P.- ¿Para qué sirven realmente todos estos homenajes? R
.- Espero que para que mucha gente que aún no lo conoce lea a Juan. Le estoy muy agradecida a Mario Vargas Llosa por todo lo que está haciendo. Mañana cenaremos juntos...
P.- Pasa unos meses al año en Madrid en la casa que ambos tenían en la Avenida de América y en la que ha conservado, y le cito, “un pequeño Montevideo”. ¿Es difícil el regreso?
R.- Sí, aquí nos creamos nuestro propio Uruguay. En cuanto a mí, los primeros días siempre tengo una sensación de pérdida, porque es aquí donde soy la mujer de Juan. En mi casa es distinto, allí soy la hija y la hermana de unos burgueses músicos. Pero al volver...
P.- ¿Querría contar alguna anécdota con la que se quede de él?
R.- Sí, el momento en que elegimos a la Biche, la perra fox terrier que teníamos. Trajeron como cinco perros a la cama y elegimos quedarnos con ella, y fue una fatal decisión, porque era una calamidad. Estuvo 14 años aquí con nosotros, tuvimos que sacrificarla, una semana antes de morir Juan. De haber sabido que él se iba a morir no lo habría hecho.
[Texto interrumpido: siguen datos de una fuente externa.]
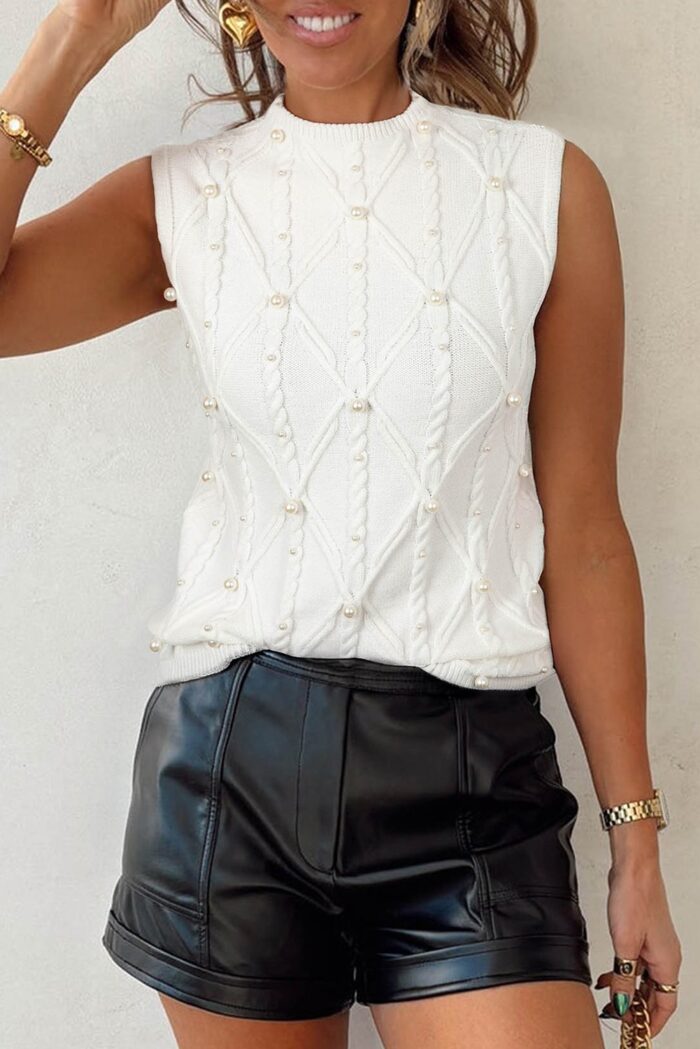 Preorder Pearl Embellished High Neck Sleeveless Knit Sweater
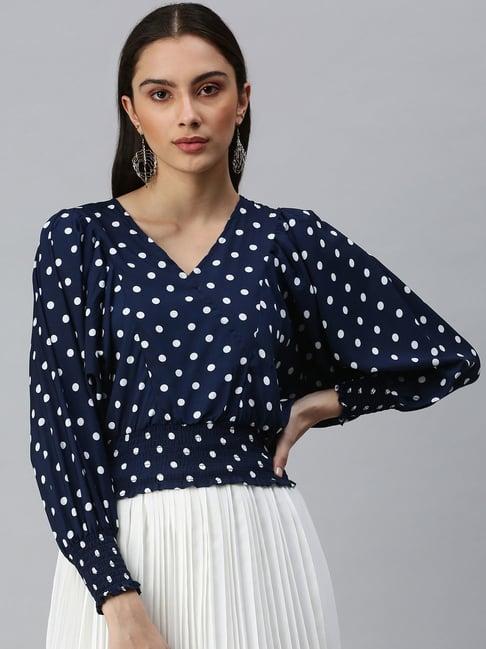 showoff v-neck batwing sleeves printed navy blue top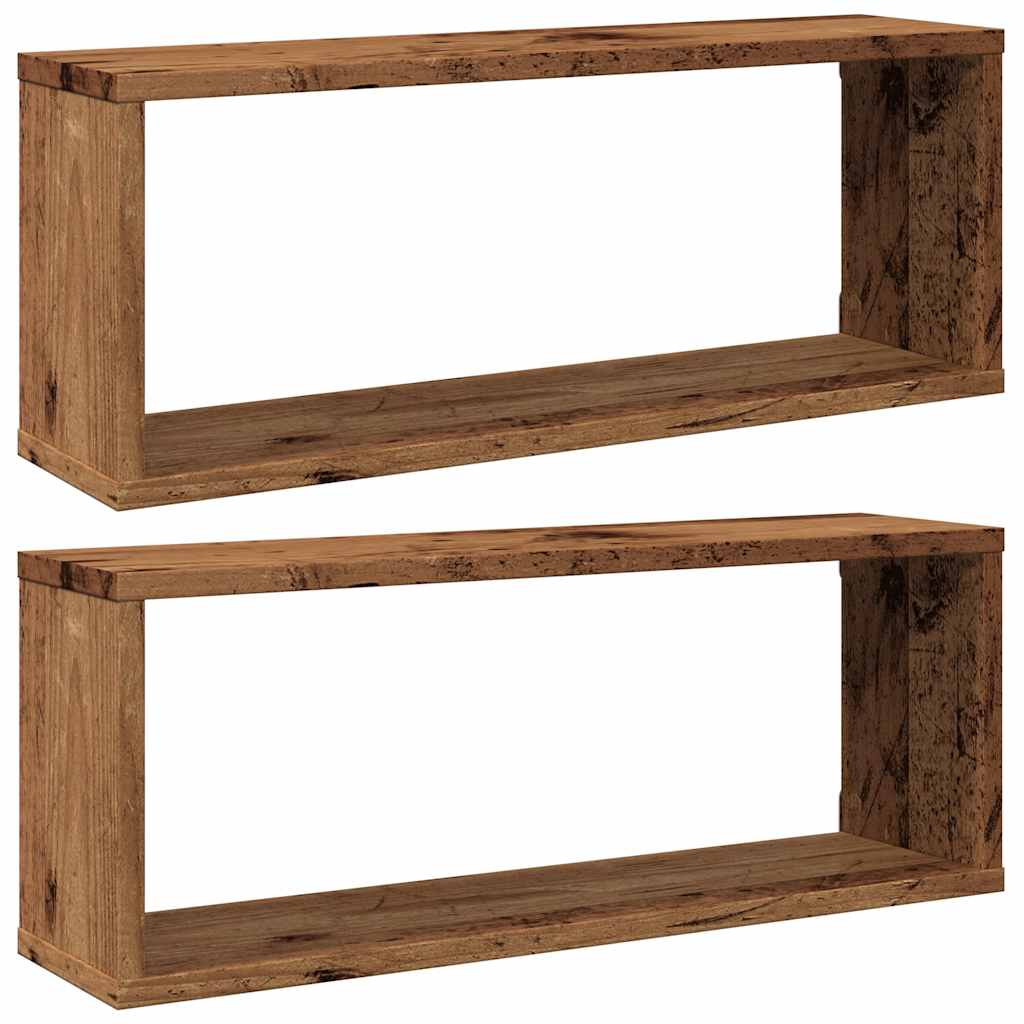 Zidne kockaste police 2 kom Staro drvo 60x15x23 cm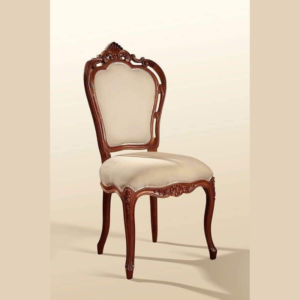 Vismaya Furniture Carved Solid Brown Wood Antique Classic Dining Armchair SC-007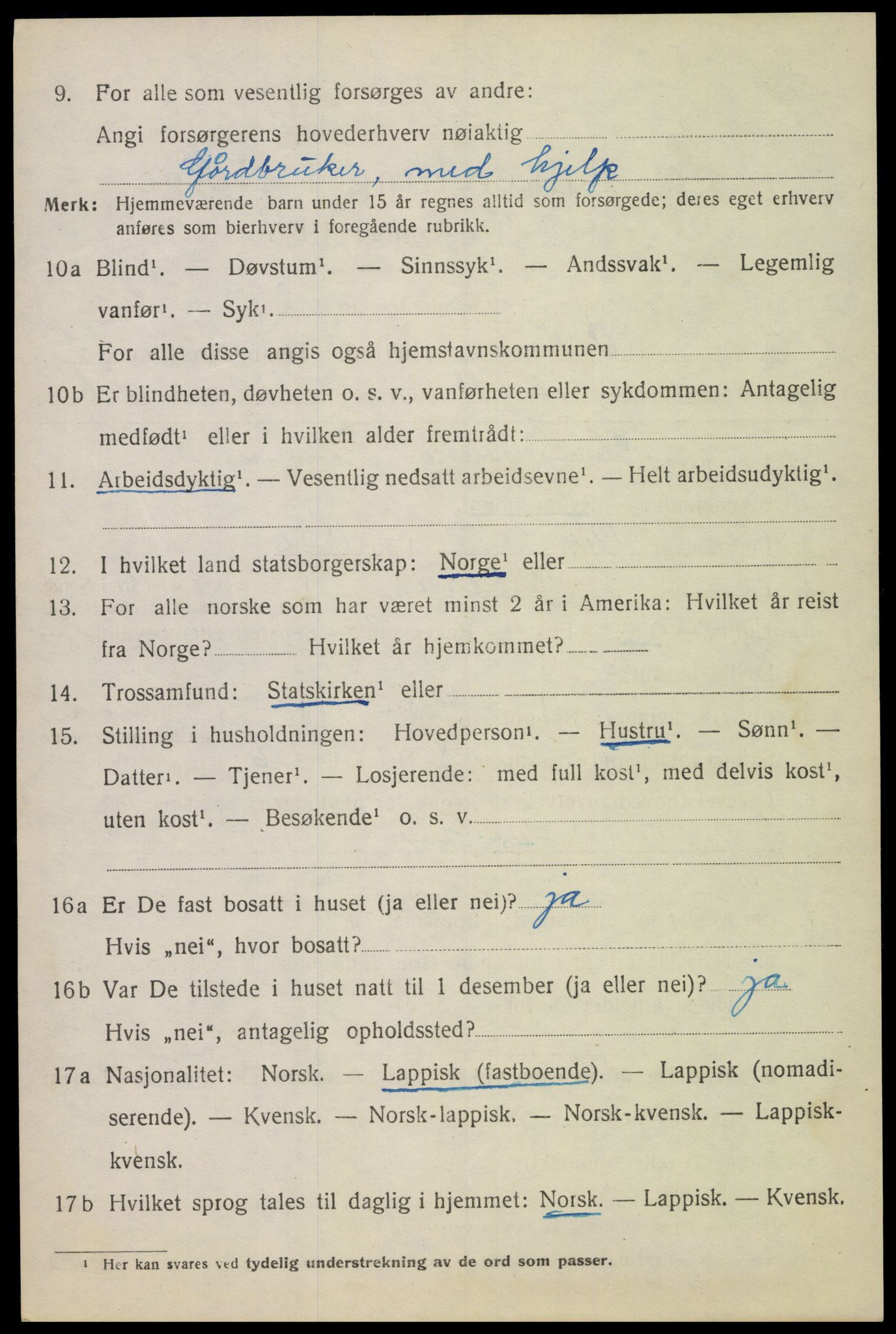 SAT, 1920 census for Ankenes, 1920, p. 6800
Ríe y no la viuda de Onetti recordando a la perra que es parte ya de la literatura. Cuando su marido ya no se levantaba, decía que era para que no le mordiera la Biche, animal que, desvela la sonrisa de su dueña, era una coartada para el genial escritor que de niño leía en un armario acompañado de una linterna y de viejo volvió a enclaustrarse para leer. La Biche, que dicen los que la conocieron, fulminaba cualquier rasgo de la característica hosquedad de Onetti. Superada la anécdota, vuelve Dolly a la emoción y la añoranza.
P.- ¿Qué es lo que más echa en falta?
R.- A él, ciao, todo. Era un personaje distinto, raro... ofrecía muchísimo a la vida.